Now let’s turn to the algorithm chosen: gradient boosting. (Visit the link for lots of fun equations if you’re the type that gets excited by that.) It’s a type of decision tree supervised learning method that predicts values by minimizing the mean square error to the true values using a 60/40 training set split. It’s based on a paper published in the John Hopkins APL Technical Digest that had an accuracy of 76%. It’s unclear from Sattanathan’s post what accuracy he got from his algorithm. Also, what was the rationale for using this algorithm versus another type? There are many algorithms to choose from that could change the accuracy results.
Another issue I have with this article is the lack of transparency during the analysis. Of all the attributes collected that affects whether a Pima Indian will get diabetes (number of pregnancies, glucose, blood pressure, skin thickness, insulin, BMI, Diabetes Pedigree Function and age), it’s unclear during the machine learning analysis which of these attributes is chosen or excluded.
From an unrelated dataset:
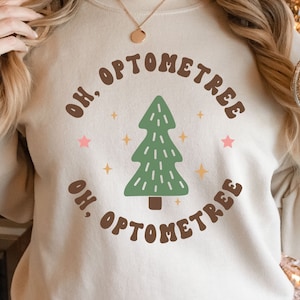 May include: A beige sweatshirt with a brown graphic of a Christmas tree and the text "Oh, Optometree" in a retro font.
Ideally for the research to be reproducible and verified, the data scientist would describe the entire process.
The final observation I wanted to make is the importance of not applying the results of this algorithm to other ethnicities. The data used in this analysis is from Pima Indians. Other research (see the American Journal of Clinical Nutrition) has shown that obesity is far higher in adult Pima Indians than the rest of the U.S. population. Other research by NIH suggests that diabetes varies between ethnicities of people Therefore, it’s safe to presume this diabetes prediction applies to this population and not necessarily to the general population. Understanding these nuances in data analysis and science can help improve the clarity of the its results.